Nama : Mutiara Hikmah Hardiyanti
Kelas : 2EB24
NPM : 25212186

BAB I
Pengertian Hukum & Hukum Ekonomi

A.    Pengertian Hukum

            Hukum adalah sistem yang terpenting dalam pelaksanaan atas rangkaian kekuasaan kelembagaan dari bentuk penyalahgunaan kekuasaan dalam bidang politik, ekonomi dan masyarakat dalam berbagai cara dan bertindak, sebagai perantara utama dalam hubungan sosial antar masyarakat terhadap kriminalisasi dalam hukum pidana, hukum pidana yang berupayakan cara negara dapat menuntut pelaku dalam konstitusi hukum menyediakan kerangka kerja bagi penciptaan hukum, perlindungan hak asasi manusia dan memperluas kekuasaan politik serta cara perwakilan di mana mereka yang akan dipilih. Administratif hukum digunakan untuk meninjau kembali keputusan dari pemerintah, sementara hukum internasional mengatur persoalan antara berdaulat negara dalam kegiatan mulai dari perdagangan lingkungan peraturan atau tindakan militer.
Berikut ini pengertian dan definisi hukum menurut beberapa ahli:
·       VAN KAN

Hukum ialah keseluruhan peraturan hidup yang bersifat memaksa untuk melindungi kepentingan manusai di dalam masyarakat. Peraturan dalam menjalankan kehidupan diperlukan untuk melindungi kepentingan dengan tertib.
·       UTRECHT
Hukum adalah himpunan peraturan (baik berupa perintah maupun larangan) yang mengatur tata tertib dalam suatu masyarakat dan seharusnya ditaati oleh anggota masyarakat yang bersangkutan. Oleh karena itu, pelanggaran petunjuk hidup tersebut dapat menimbulkan tindakan dari pihak pemerintah.
·       WIRYONO KUSUMO
Hukum adalah keseluruhan peraturan baik yang tertulis maupun tidak tertulis yang mengatur tata tertib dalam masyarakat dan terhadap pelanggarnya umumnya dikenakan sanksi. Sedangkan tujuan dari hukum adalah untuk mengadakan keselamatan, kebahagiaan, dan ketertiban dalam masyarakat.
·       MOCHTAR KUSUMAATMADJA
Hukum merupakan keseluruhan asas-asas dan kaidah-kaidah yang mengatur kehidupan manusia dalam masyarakat, dan juga mencakupi lembaga-lembaga (institutions) dan proses-proses (processes) yang mewujudkan berlakunya kaidah-kaidah itu dalam kenyataan.

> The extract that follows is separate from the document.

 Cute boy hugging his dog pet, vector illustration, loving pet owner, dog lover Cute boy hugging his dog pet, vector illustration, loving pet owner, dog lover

 B.      Tujuan Hukum & Sumber Hukum

Sama halnya dengan pengertian hukum, banyak teori atau pendapat mengenai tujuan hukum. Berikut teori-teori dari para ahli :

1. Prof Subekti, SH :
    Hukum itu mengabdi pada tujuan negara yaitu mencapai kemakmuran dan kesejahteraan rakyatnya dengan cara menyelenggarakan keadilan. Keadilan itu menuntut bahwa dalam keadaan yang sama tiap orang mendapat bagian yang sama pula.

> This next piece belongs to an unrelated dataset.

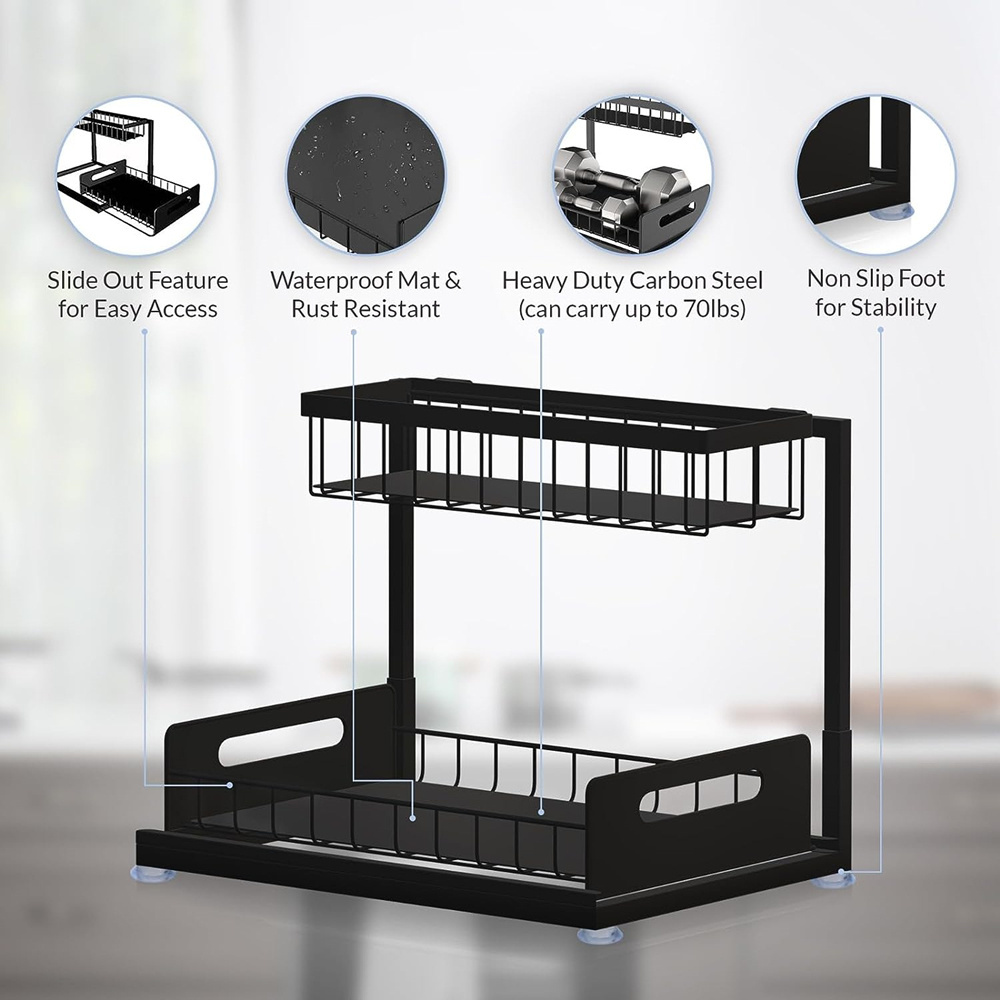 Custom Metal Cabinet Storage Kitchen Storage Rack Heavy Duty Undersink Pull Out Under Sink Organizer 2 tier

2. Prof. Mr. Dr. LJ. van Apeldoorn :
     Tujuan hukum adalah mengatur hubungan antara sesama manusia secara damai. Hukum menghendaki   perdamaian antara sesama. Dengan menimbang kepentingan yang bertentangan secara teliti dan seimbang.

3. Geny :
   Tujuan hukum semata-mata ialah untuk mencapai keadilan. Dan ia kepentingan daya guna dan kemanfaatan sebagai unsur dari keadilan.

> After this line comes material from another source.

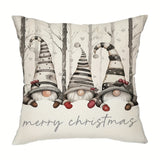 Farmhouse Christmas Pillow Covers Set, Rustic Country-Style Gnome Snowflake Tree Design, Hand Washable Polyester Throw Cushion Cases, Zipper Closure, for Sofa Couch Living Room Bedroom Decor - 2 Sizes (11.8"x19.7" & 17.7"x17.7") - Pack of 1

       Pada umumnya hukum ditujukan untuk mendapatkan keadilan, menjamin adanya kepastian hukum dalam masyarakat serta mendapatkan kemanfaatan atas dibentuknya hukum tersebut. Selain itu, menjaga dan mencegah agar tiap orang tidak menjadi hakim atas dirinya sendiri, namun tiap perkara harus diputuskan oleh hakim berdasarkan dengan ketentuan yang sedang berlaku.

Secara singkat Tujuan Hukum antara lain:
·       Keadilan
·       Kepastian
·       Kemanfaatan
Jadi hukum bertujuan untuk mencapai kehidupan yang selaras dan seimbang, mencegah terjadinya perpecahan dan mendapat keselamatan dalam keadilan.

Sumber-Sumber Hukum

1.Sumber-sumber hukum adalah segala sesuatu yang dapat menimbulkan terbentuknya peraturan-peraturan.  Peraturan tersebut biasanya bersifat memaksa.
   Sumber-sumber Hukum ada 2 jenis yaitu:
   Sumber-sumber hukum materiil, yakni sumber-sumber hukum yang ditinjau dari berbagai perspektif.

2.Sumber-sumber hukum formiil, yakni UU, kebiasaan, jurisprudentie, traktat dan doktrin

3.Undang-Undang
  ialah suatu peraturan yang mempunyai kekuatan hukum mengikat yang dipelihara oleh penguasa negara.        Contohnya UU, PP, Perpu dan sebagainya

4.Kebiasaan
 ialah perbuatan yang sama yang dilakukan terus-menerus sehingga menjadi hal yang yang selayaknya    dilakukan. Contohnya adat-adat di daerah yang dilakukan turun temurun telah menjadi hukum di daerah    tersebut.

5.Keputusan Hakim (jurisprudensi)
 ialah Keputusan hakim pada masa lampau pada suatu perkara yang sama sehingga dijadikan keputusan      para hakim pada masa-masa selanjutnya. Hakim sendiri dapat membuat keputusan sendiri, bila perkara itu    tidak diatur sama sekali di dalam UU.

6.Traktat
  ialah perjanjian yang dilakukan oleh dua negara ataupun lebih. Perjanjian ini mengikat antara negara yang    terlibat dalam traktat ini. Otomatis traktat ini juga mengikat warganegara-warganegara dari negara yang  bersangkutan.

7.Pendapat Para Ahli Hukum (doktrin)
  Pendapat atau pandangan para ahli hukum yang mempunyai pengaruh juga dapat menimbulkan hukum.    Dalam jurisprudensi, sering hakim menyebut pendapat para sarjana hukum. Pada hubungan internasional,    pendapat para sarjana hukum sangatlah penting.

C.     Kodifikasi Hukum

      Yang dimaksud dengan kodifikasi hukum adlah pembukuan secara lengkap dan sistematis tentang hukum tertentu. Yang menyebabkan timbulnya kodifikasi hukum ialah tidak adanya kesatuan dan kepastian hukum (di Perancis).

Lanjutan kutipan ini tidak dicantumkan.